Both were hits and immediately became the Mac’s killer app. Designers, print media, and news outlets bought the Mac and LaserWriter and designers could now design print publications, import text and graphics, and arrange objects on pages onscreen simply by clicking and dragging.

Adobe’s initial graphic design products live on today: Illustrator is still the major definitive professional vector illustration app for designers and print publishers, and one of Adobe’s other apps – InDesign, is actually the successor to Aldus Pagemaker.

Adobe bought Aldus, then later bought another company from the 1980s and 1990s called Macromedia, which made the now-defunct Flash, and other apps. Aldus also had a presentation design app called Persuasion which was a bit like how Apple’s Keynote is today.

Several other versions of the Mac followed including the SE, SE/30, the Mac II (the first color Mac), Iici, and a host of later color machines.

Apple Personal LaserWriter.

Adobe PostScript enabled it all

Early in the 1980’s Adobe Systems had already been working on a page layout and description language called PostScript. Apple and Aldus adopted PostScript as did many laser printer manufacturers.

Every Apple LaserWriter came with a PostScript interpreter built in, as well as ROMs containing limited sets of Adobe’s PostScript fonts, called Type 1 fonts. Additional Type 1 fonts could be installed in the Fonts folder on the original Mac OS, along with bitmapped screen-only suitcase font files.

When you went to print a file on your LaserWriter, Mac OS would download any additional needed Type 1 fonts to the printer’s memory and the PostScript interpreter would rasterize them into text on the page.

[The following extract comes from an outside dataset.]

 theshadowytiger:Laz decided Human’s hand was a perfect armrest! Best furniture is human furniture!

Original Type 1 fonts: Type 1 'outline' fonts at top, a bitmaped 'suitcase' font file for screen display, and Adobe Font Metrics files.

Original Type 1 fonts: Type 1 ‘outline’ fonts at top, a bitmaped ‘suitcase’ font file for screen display, and Adobe Font Metrics files.

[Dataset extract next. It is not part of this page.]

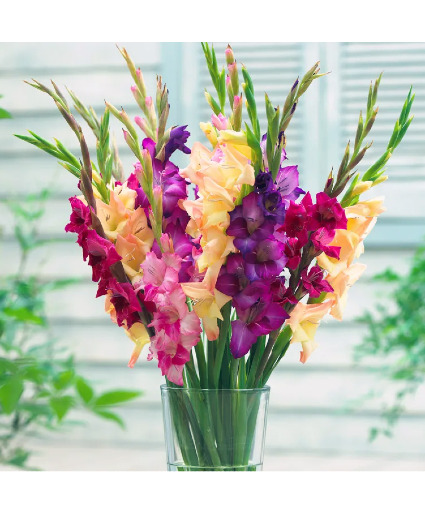 Rainbow of Gladiolus Vased Floral Arrangement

Unfortunately, the original Mac OS didn’t support PostScript in its API directly.

Adobe’s early success was largely built on the back of PostScript and Illustrator, with many more products to follow. Adobe made billions off the PostScript licensing royalties Apple and other printer manufacturers had to pay to put PostScript in their printers.

Third-party Type 1 font vendors soon appeared. The desktop publishing market (DTP) exploded, and Apple and Adobe were on their way to mega-success.

Apple and the Mac had badly needed a killer app at the time and the combination of the LaserWriter, the Mac Plus, and PostScript were it. In fact, if not for desktop publishing and the LaserWriter, Apple might not have survived.

One of Adobe's first Mac software products - Type Reunion.

One of Adobe’s first Mac software products – Type Reunion.

PostScript describes pages, vector graphics, and fonts

PostScript is a very easy-to-read English-like language that describes objects to be drawn on a page. Commands are short and simple and usually describe paths (called Bezier paths in mathematics), attributes of paths, colors, line sizes (strokes), fills, and other objects.

The Type 1 font standard did the same, but for fonts – complex Bezier paths were used to draw font outlines, and thickness as well as graphics objects (which we’ll get to in a moment).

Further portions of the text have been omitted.